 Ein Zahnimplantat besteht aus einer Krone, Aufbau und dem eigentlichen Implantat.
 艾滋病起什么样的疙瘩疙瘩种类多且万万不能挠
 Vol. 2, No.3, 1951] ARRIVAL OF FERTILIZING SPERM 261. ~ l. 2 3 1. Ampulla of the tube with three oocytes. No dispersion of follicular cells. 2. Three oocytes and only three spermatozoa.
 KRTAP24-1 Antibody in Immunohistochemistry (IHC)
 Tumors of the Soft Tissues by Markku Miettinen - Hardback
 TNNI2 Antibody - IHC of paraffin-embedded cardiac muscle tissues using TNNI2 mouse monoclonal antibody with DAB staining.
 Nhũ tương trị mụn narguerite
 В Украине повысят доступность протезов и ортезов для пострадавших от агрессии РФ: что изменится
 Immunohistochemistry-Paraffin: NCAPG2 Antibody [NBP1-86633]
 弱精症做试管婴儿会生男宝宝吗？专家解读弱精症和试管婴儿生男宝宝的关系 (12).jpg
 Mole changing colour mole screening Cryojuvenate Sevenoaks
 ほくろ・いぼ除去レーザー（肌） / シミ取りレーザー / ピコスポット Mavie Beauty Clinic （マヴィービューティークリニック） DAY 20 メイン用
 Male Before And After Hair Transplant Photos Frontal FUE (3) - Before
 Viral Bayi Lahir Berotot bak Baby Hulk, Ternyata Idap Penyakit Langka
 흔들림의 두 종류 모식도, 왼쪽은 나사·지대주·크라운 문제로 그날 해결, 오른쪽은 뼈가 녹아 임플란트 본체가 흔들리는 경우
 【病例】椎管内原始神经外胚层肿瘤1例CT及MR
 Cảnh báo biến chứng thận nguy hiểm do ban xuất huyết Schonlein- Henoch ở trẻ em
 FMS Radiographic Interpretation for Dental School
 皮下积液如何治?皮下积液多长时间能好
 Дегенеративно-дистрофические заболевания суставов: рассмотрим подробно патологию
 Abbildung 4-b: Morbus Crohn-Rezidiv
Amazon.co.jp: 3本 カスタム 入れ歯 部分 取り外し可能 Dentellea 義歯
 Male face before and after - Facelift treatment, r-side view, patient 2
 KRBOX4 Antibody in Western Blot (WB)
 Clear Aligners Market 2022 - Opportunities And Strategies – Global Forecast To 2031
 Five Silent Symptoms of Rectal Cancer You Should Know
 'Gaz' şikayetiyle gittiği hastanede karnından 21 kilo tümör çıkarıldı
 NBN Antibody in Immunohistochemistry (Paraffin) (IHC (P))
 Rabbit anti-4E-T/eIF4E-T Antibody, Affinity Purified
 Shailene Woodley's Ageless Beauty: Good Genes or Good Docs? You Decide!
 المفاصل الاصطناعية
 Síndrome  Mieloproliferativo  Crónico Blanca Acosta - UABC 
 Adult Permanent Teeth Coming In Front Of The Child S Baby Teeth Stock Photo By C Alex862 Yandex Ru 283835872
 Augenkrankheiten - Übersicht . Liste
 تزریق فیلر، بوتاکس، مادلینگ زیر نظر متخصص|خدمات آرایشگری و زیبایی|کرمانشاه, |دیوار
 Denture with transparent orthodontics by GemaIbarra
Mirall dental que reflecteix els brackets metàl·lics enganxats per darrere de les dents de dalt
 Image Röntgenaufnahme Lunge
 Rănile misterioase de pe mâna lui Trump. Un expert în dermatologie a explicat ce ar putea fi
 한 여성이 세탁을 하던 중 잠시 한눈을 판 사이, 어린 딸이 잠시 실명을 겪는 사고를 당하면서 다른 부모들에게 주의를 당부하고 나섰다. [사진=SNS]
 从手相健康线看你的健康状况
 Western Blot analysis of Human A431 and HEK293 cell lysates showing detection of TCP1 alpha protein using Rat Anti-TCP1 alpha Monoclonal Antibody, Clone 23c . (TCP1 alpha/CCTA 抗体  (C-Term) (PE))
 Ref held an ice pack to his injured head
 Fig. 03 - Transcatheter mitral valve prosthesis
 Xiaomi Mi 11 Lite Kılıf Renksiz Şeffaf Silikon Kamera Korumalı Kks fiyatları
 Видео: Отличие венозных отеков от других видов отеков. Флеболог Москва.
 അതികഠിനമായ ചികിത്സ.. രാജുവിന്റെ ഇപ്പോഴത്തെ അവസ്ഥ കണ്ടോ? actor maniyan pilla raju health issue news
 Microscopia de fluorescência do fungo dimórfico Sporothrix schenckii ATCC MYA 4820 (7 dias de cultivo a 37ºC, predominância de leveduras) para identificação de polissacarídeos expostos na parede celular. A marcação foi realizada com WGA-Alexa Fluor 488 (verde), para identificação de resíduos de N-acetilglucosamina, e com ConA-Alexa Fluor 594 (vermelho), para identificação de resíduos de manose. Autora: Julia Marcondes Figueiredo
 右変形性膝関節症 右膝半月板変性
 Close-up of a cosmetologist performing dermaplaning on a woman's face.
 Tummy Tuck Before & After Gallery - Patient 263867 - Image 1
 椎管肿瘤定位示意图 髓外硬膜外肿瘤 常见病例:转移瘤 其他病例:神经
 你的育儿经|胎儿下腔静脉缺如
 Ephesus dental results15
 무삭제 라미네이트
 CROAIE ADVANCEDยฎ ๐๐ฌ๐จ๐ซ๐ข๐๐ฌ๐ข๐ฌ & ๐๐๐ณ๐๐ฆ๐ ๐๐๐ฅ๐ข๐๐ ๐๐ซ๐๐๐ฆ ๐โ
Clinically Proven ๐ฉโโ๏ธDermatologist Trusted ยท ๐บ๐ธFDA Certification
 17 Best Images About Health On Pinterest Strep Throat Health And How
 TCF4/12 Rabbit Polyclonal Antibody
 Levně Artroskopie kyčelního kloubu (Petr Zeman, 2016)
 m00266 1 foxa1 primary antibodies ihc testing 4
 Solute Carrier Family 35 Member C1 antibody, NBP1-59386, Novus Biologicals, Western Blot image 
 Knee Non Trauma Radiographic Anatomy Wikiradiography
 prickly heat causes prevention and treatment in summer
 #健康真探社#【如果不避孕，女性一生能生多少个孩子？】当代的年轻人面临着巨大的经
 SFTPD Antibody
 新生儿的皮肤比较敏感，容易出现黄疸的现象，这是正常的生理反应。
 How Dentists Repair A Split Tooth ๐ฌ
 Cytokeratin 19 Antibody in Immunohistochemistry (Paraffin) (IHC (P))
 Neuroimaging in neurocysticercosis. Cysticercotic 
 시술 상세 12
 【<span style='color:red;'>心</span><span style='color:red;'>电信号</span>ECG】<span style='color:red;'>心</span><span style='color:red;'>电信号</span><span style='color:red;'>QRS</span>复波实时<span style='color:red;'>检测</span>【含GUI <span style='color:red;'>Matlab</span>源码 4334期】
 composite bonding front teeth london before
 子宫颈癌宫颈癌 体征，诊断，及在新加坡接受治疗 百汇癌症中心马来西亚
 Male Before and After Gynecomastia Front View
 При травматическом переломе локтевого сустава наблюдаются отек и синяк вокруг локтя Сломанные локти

## TASK
From the records above, give again exactly the lines running from the line with "Viral Bayi Lahir" to the line with "Дегенеративно-дистрофические заболевания суставов: рассмотрим", inclusive.

## SOLUTION TO THIS PROBLEM
 Viral Bayi Lahir Berotot bak Baby Hulk, Ternyata Idap Penyakit Langka
 흔들림의 두 종류 모식도, 왼쪽은 나사·지대주·크라운 문제로 그날 해결, 오른쪽은 뼈가 녹아 임플란트 본체가 흔들리는 경우
 【病例】椎管内原始神经外胚层肿瘤1例CT及MR
 Cảnh báo biến chứng thận nguy hiểm do ban xuất huyết Schonlein- Henoch ở trẻ em
 FMS Radiographic Interpretation for Dental School
 皮下积液如何治?皮下积液多长时间能好
 Дегенеративно-дистрофические заболевания суставов: рассмотрим подробно патологию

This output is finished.